> Exercise details:
From the line containing "this 411×304 image." to the end of the listing, write out every line exactly; leave out everything else.
[Record set]
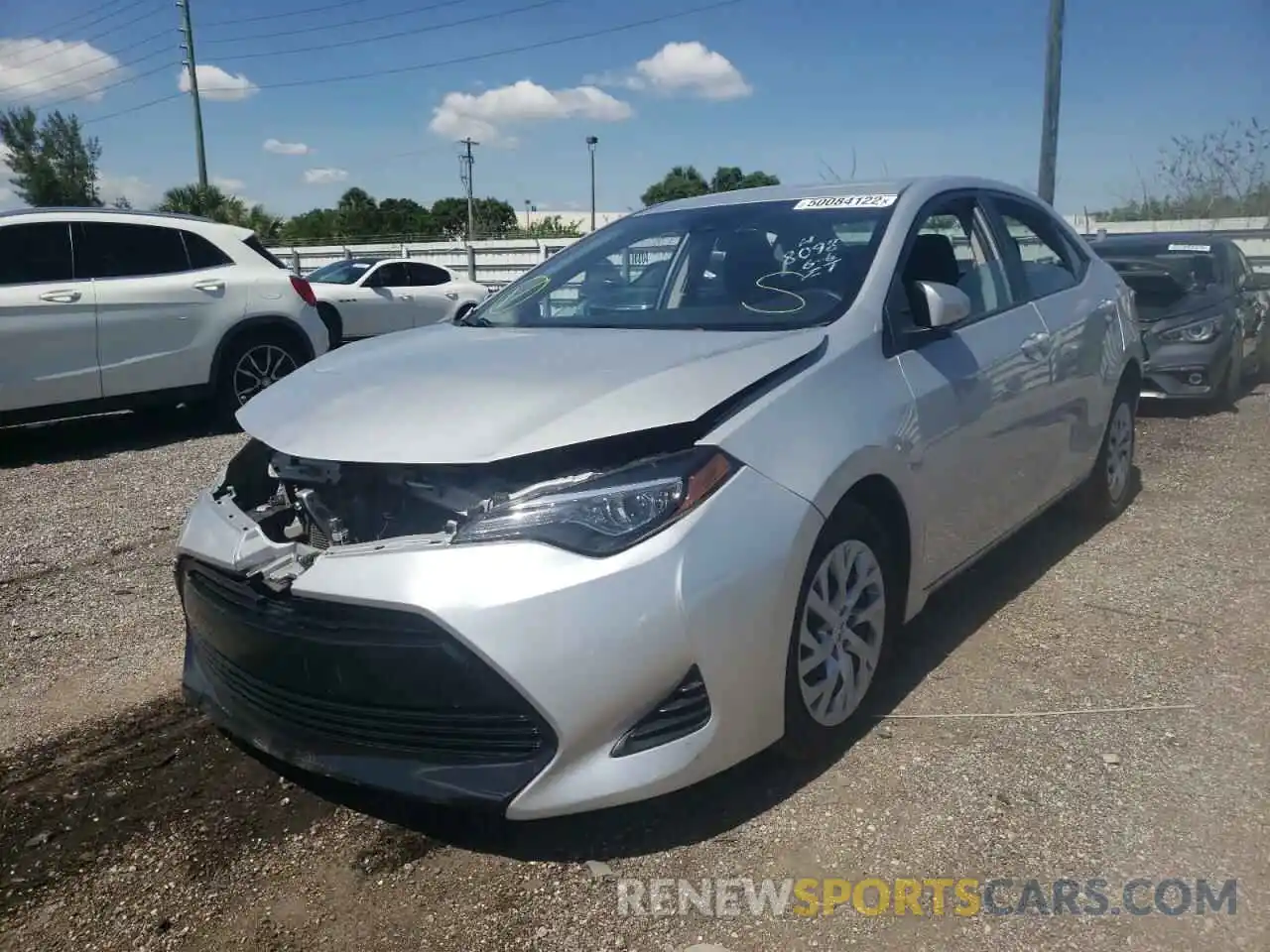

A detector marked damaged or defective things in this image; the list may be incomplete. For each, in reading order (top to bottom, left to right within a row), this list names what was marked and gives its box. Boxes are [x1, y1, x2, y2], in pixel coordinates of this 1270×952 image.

broken front bumper [174, 460, 818, 817]
crumpled hood [237, 323, 826, 464]
damaged silver sedan [177, 178, 1143, 817]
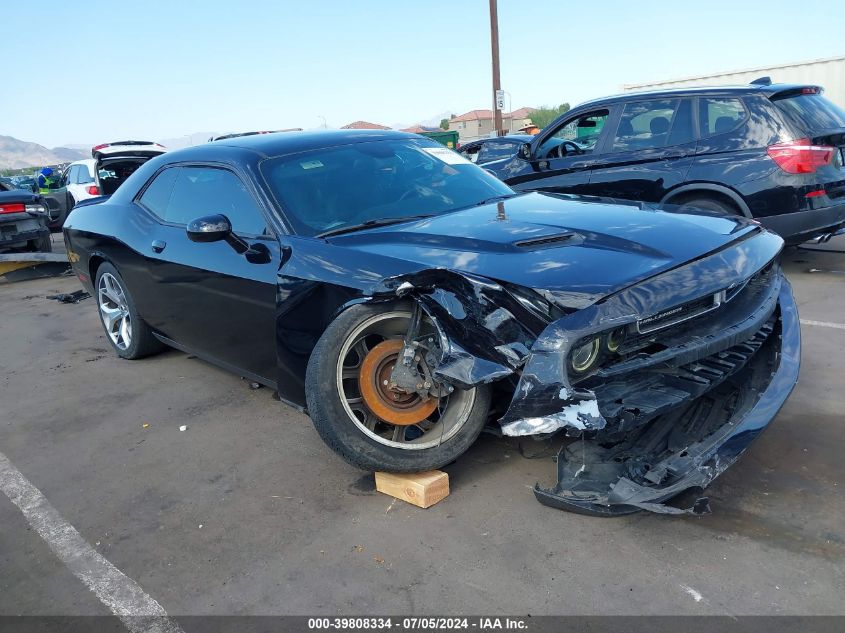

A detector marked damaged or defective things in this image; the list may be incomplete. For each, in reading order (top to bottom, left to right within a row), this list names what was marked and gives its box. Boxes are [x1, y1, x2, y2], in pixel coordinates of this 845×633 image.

exposed wheel hub [358, 336, 438, 424]
damaged car in background [62, 128, 800, 512]
damaged front end [374, 230, 796, 516]
crumpled front bumper [536, 280, 796, 512]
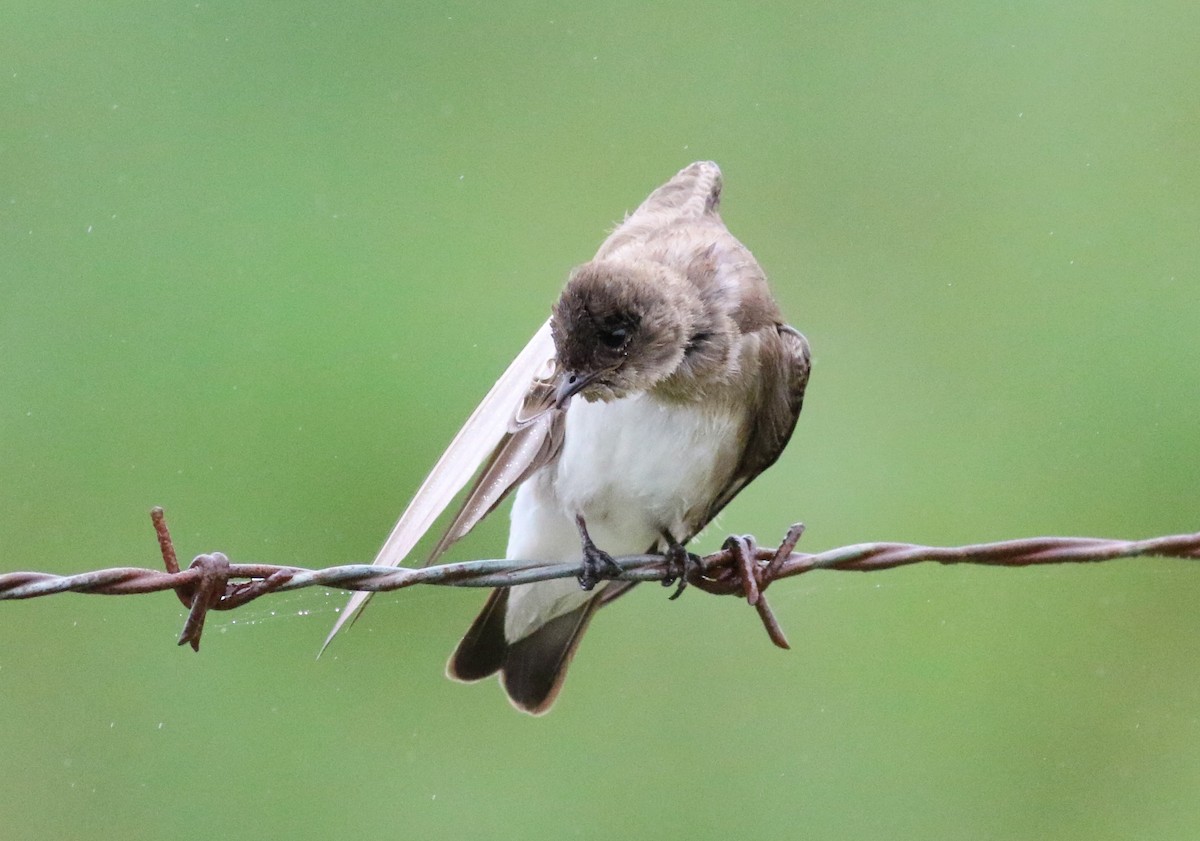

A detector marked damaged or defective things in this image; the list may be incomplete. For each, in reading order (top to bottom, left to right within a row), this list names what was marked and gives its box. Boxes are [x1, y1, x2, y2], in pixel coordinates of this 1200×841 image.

rusty barbed wire [7, 506, 1200, 648]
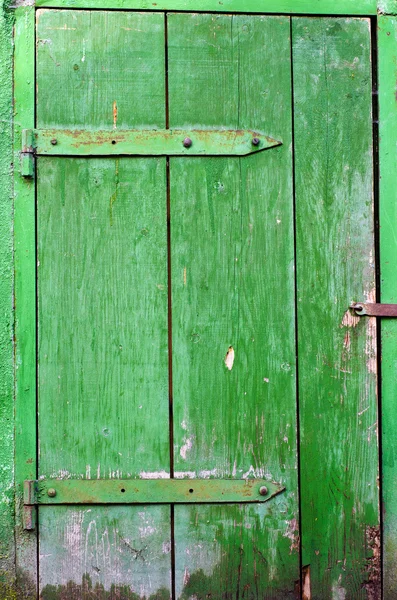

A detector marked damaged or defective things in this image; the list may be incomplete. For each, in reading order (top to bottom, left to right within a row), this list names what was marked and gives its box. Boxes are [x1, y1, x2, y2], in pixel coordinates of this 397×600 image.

rusty metal bracket [22, 127, 282, 156]
rusty metal hinge [22, 127, 282, 157]
rusty metal bracket [23, 478, 284, 506]
rusty metal hinge [23, 478, 284, 506]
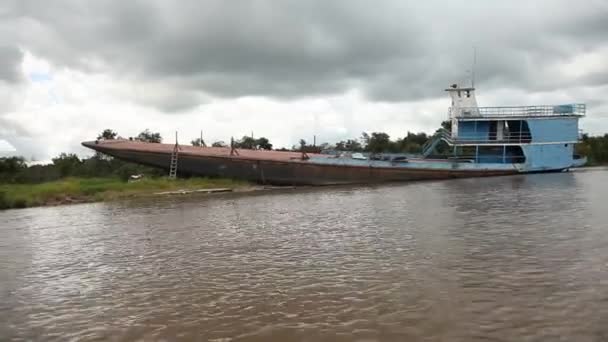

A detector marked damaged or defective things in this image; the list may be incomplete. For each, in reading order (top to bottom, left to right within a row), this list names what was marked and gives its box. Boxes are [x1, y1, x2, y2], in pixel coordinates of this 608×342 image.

rusty ship hull [79, 140, 516, 186]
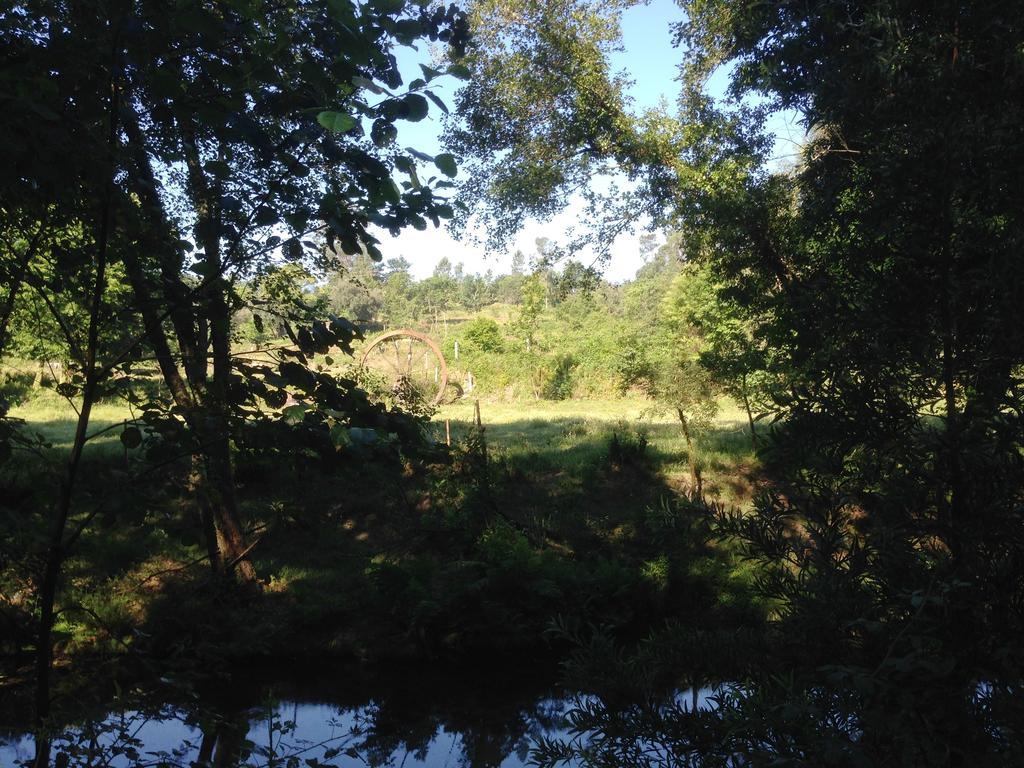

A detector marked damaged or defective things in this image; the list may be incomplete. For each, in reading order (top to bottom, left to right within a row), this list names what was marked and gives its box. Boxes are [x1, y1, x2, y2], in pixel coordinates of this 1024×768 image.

rusty metal wheel [360, 327, 448, 405]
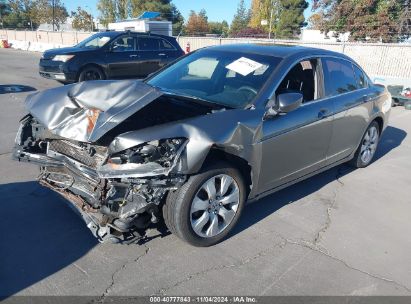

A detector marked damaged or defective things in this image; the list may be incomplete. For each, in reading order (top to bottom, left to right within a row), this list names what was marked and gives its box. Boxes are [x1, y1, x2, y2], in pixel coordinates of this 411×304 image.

crushed hood [24, 80, 164, 143]
broken headlight [99, 138, 189, 178]
damaged silver sedan [13, 44, 392, 246]
crack in pavement [94, 246, 150, 302]
crack in pavement [156, 239, 288, 296]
[/Record set]
> Output of the exercise:
A detector marked damaged or defective things in this image; the list may be incomplete. For each, in reading order (top to bottom, left to right within a row), this list names what was marked and gives its box. Boxes are [x1, y1, x2, y2], in pixel coordinates of this 411×304 image.

crushed hood [24, 80, 164, 143]
broken headlight [99, 138, 189, 178]
damaged silver sedan [13, 44, 392, 246]
crack in pavement [94, 246, 150, 302]
crack in pavement [156, 239, 288, 296]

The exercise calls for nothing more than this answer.